# Infinite circuit problem

1. May 6, 2014

### Saitama

1. The problem statement, all variables and given/known data
Determine the resultant resistance of the infinite circuit made up of $1 k\Omega$ resistors shown in the figure between points A and C, and between points A and B.

2. Relevant equations

3. The attempt at a solution
I can find the equivalent resistance between A and C. In this case, I can remove the middle branch of resistors originating from B but I am clueless about finding the equivalent between A and B, I can't see the repeating unit here.

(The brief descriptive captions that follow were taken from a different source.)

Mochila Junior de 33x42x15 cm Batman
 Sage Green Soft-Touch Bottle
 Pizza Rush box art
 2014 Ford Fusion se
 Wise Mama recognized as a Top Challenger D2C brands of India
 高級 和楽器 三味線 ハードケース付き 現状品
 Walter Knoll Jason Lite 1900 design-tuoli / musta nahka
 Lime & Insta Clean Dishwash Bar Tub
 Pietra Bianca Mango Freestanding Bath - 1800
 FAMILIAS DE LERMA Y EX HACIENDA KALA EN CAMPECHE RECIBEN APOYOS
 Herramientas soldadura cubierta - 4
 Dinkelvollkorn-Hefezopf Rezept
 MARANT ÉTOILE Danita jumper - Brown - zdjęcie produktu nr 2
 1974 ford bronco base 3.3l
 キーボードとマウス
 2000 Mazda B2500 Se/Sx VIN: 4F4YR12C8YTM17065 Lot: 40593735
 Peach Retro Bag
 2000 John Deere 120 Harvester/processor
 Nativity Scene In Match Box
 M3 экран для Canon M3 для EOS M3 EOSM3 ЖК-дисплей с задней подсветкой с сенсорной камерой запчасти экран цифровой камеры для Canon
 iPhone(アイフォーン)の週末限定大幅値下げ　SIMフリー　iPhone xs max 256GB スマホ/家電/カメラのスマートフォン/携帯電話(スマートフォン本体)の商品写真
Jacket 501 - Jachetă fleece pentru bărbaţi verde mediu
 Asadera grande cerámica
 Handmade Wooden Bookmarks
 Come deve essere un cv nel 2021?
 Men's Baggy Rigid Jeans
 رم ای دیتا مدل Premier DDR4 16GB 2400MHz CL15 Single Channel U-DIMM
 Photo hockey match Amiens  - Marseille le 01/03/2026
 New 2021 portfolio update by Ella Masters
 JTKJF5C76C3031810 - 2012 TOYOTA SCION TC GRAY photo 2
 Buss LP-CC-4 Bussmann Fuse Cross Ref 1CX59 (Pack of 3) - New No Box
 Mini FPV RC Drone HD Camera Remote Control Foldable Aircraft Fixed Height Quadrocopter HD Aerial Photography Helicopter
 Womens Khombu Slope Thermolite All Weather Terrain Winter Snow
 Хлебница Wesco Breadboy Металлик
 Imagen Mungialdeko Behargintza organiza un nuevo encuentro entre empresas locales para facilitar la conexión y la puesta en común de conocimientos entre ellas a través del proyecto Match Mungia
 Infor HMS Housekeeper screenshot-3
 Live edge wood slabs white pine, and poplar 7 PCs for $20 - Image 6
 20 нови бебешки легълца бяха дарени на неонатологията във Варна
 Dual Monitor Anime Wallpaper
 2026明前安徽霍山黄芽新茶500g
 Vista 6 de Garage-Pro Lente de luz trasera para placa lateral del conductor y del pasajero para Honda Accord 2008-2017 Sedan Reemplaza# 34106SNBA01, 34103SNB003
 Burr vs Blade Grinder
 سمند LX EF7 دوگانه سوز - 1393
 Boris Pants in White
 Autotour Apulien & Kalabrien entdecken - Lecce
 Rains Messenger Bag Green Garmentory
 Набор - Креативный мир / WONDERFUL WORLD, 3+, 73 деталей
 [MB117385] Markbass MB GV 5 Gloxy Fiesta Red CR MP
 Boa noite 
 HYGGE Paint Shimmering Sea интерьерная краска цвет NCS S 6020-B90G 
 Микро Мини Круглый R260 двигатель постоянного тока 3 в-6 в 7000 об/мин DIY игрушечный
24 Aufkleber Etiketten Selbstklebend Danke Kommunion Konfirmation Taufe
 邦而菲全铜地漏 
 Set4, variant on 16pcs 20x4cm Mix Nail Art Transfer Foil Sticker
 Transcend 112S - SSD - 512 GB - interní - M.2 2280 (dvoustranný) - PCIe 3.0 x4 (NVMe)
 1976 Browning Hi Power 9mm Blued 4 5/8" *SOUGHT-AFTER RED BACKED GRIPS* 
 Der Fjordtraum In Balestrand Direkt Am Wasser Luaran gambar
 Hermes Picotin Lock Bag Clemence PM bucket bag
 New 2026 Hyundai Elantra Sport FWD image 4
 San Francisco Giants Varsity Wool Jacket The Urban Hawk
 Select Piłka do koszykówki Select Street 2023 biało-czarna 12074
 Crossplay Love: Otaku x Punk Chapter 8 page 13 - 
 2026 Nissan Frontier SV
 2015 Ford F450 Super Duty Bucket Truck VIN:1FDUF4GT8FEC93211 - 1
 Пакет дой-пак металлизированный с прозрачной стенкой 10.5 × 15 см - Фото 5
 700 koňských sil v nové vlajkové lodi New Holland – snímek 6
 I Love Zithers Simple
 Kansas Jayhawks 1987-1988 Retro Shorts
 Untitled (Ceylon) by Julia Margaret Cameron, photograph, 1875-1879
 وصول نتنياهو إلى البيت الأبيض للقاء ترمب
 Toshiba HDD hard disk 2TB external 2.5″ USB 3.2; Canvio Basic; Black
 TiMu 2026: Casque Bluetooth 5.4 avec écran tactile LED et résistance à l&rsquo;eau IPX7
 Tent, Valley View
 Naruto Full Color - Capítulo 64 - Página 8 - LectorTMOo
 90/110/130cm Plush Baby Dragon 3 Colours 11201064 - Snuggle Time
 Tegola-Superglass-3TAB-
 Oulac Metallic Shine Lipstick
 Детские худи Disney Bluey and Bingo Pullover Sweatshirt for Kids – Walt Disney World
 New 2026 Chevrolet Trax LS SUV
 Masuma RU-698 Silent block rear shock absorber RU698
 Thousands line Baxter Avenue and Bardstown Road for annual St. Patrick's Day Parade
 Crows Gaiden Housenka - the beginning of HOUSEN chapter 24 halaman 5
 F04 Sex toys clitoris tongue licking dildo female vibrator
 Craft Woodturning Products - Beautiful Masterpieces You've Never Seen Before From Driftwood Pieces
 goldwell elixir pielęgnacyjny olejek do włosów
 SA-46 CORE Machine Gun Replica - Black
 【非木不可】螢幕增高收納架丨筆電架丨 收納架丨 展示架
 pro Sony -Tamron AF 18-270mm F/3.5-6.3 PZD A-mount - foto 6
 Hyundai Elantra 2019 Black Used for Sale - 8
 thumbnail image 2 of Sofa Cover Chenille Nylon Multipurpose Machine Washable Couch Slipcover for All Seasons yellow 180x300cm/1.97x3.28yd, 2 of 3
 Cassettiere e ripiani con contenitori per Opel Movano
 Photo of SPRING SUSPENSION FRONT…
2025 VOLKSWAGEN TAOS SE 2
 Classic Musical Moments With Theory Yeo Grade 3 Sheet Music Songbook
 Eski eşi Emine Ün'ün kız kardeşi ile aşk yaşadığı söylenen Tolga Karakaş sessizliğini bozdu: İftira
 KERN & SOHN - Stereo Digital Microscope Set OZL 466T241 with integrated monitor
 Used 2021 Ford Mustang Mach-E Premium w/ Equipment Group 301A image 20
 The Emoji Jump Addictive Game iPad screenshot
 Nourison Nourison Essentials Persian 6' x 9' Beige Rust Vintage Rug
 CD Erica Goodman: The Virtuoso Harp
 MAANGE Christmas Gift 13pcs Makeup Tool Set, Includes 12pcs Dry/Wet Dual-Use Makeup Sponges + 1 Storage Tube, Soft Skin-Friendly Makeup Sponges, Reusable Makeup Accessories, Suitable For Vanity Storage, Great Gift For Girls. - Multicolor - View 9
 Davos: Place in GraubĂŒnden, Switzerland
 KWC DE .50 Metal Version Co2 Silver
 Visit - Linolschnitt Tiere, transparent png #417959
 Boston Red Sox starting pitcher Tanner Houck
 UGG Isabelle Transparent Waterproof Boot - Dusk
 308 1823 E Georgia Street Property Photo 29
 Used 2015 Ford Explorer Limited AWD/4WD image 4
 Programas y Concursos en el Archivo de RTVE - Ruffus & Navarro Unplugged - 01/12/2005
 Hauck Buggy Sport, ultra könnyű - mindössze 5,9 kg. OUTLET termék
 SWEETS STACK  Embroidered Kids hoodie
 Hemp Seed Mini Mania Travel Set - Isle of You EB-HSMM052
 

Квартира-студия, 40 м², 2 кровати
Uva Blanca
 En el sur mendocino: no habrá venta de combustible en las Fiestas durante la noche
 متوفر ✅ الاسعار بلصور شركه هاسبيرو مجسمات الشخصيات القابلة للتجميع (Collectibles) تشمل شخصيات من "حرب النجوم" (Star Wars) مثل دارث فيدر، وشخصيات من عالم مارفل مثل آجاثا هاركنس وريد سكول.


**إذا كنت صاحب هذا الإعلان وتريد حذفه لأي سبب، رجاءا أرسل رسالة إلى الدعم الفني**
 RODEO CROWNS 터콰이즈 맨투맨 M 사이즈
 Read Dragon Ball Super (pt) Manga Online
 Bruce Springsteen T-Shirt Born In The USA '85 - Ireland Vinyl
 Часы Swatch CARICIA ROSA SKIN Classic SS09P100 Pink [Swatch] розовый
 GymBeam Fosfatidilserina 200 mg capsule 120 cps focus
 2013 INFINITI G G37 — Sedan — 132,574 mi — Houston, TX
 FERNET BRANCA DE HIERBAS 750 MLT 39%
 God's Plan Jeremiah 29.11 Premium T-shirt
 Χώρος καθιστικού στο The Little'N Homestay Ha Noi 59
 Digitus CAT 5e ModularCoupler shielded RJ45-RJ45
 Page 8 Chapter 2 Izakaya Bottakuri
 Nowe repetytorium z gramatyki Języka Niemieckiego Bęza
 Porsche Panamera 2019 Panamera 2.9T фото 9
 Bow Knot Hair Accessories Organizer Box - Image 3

Any help is appreciated. Thanks!

2. May 6, 2014

### phyzguy

Try thinking of it this way. Suppose you just had an infinite network connected to A and B without the lower part connected to C, and call each resistor R. Then the resistance between A and B is just the parallel combination of R with (2R + Req), where Req is the equivalent resistance of the network on the right stretching off to infinity. But since the network is infinite, Req is equal to the resistance between A and B (because removing one leg of an infinite network leaves you with the same infinite network). So you can just set up an equation and solve for Req. Once you've conquered this technique, you should be able to apply it to the more complex case you are given.

3. May 6, 2014

### dauto

That doesn't seem to work in that case.

4. May 6, 2014

### dauto

What you have to do is to replace the whole network with three resistors instead of one. The first resistor RA connects the point A with an extra node - say D. the second resistor RB connects the point B with D and the third resistor RC, identical to RA by symmetry, connects C with D. Then we have

A -------RA------|
|​

B -------RB------D
|​

C -------RA------|

Replacing the infinite network.

Try that.

5. May 6, 2014

### phyzguy

Yes, I see that now. This is more complicated than I thought. Hmmmm... But I don't see how your RA, RB solution works, either.

6. May 6, 2014

### dauto

It works the same way that the usual method works. Replace part of the infinite network (a part identical to the whole network) with the tree resistors and compare that with the situation where the whole network was replaced with resistors

7. May 6, 2014

### dauto

More ASCII art

A --------RA------|
|​
B --------RB------|
|​
C --------RA------|

should be equivalent to

A ----------1Ω------RA---|
.......|.............................|
.................................|
.......|.............................|
B ----------1Ω------RB---|
.......|.............................|
.................................|
.......|.............................|
C ----------1Ω------RA---|

8. May 6, 2014

### phyzguy

Yes, I see now. You can then look at the resistance between A and B and at the resistance between A and C and get 2 equations in two unknowns to solve for RA and RB. The results are consistent with the simpler single network result. Pranav-Arora, do you see?

9. May 6, 2014

### Saitama

I am not sure if I understand the circuit you have drawn. I have attached my interpretation of your circuit, is it correct? If so, I don't see how you get that.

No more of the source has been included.